1.2 Creating a Scatter Plot

A scatter plot is used when you have paired observations: \((x_1, y_1), (x_2, y_2), \ldots, (x_n, y_n)\). It’s associated with a question: Is there a relationship between X and Y? We can plot the data by calling ggplot, passing in the data frame, and invoking a geometric point function:

ggplot(iris, aes(x = Petal.Length, y = Petal.Width)) +
  geom_point()

A scatter plot is a common first attack on a new dataset. It’s a quick way to see the relationship, if any, between \(x\) and \(y\).

Plotting with ggplot requires telling ggplot what data frame to use, then what type of graph to create, and which aesthetic mapping (aes) to use. The aes in this case defines which field from iris goes into which axis on the plot. Then the command geom_point communicates that you want a point graph, as opposed to a line or other type of graphic.

Exercise A

Use the built-in mtcars data set to create a scatter plot with horsepower (hp) on the x-axis and fuel economy (mpg) on the y-axis.

1.3 Creating a Line Plot

Line plots are used to visualize trends with respect to an independent, ordered quantity (e.g. time). A typical question could be: Does the X change over time, and are there any interesting patterns to note?

data_ex2 <- data.frame(year = seq(2000, 2021),
                       value = rnorm(22, mean = 80, sd = 2)) # generate 22 random values from a normal distribution
ggplot(data_ex2, aes(x = year, y = value)) + 
  geom_line()

You can also add points using geom_point().

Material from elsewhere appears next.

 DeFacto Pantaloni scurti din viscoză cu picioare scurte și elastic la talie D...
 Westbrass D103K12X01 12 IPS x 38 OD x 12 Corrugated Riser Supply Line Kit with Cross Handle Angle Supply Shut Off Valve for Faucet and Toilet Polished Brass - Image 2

ggplot(data_ex2, aes(x = year, y = value)) + 
  geom_line() +
  geom_point()

Note it’s common with ggplot to split the command on multiple lines, ending each line with a + so that R knows that the command will continue on the next line.

Exercise B

Work with the Weekly data from the ISLR package.

Obtain the average weekly return in each year and store the values in a data frame called avg_return.

Draw a line graph of the average weekly percentage return overtime from 1990 to 1999, based on the data frame ave_return.

1.4 Creating a Bar Plot

Bar plots are good for visualizing comparisons of amounts. A typical question can be something like: Do cars with more cylinders have lower miles per gallon? Hence, we can make a bar plot of the average miles per gallon by number of cylinders, we first create a data frame containing the mean values.

avg_mpg <- mtcars |> 
  group_by(cyl) |> 
  summarize(mean_mpg = mean(mpg))
avg_mpg

Then with ggplot2 we can use geom_col(). Notice the difference in the output when the \(x\) variable is continuous and when it is discrete:

# Bar plot of values. This uses the avg_mpg data frame, with the
# "cyl" column for x values and the "mean_mpg" column for y values.
ggplot(avg_mpg, aes(x = cyl, y = mean_mpg)) +
  geom_col()

# Convert the x variable to a factor, so that it is treated as discrete
ggplot(avg_mpg, aes(x = factor(cyl), y = mean_mpg)) +
  geom_col()

ggplot2 can also be used to plot the count of the number of data rows in each category, by using geom_bar() instead of geom_col(). Once again, notice the difference between a continuous \(x\)-axis and a discrete one. For some kinds of data, it may make more sense to convert the continuous \(x\) variable to a discrete one, with the factor() function.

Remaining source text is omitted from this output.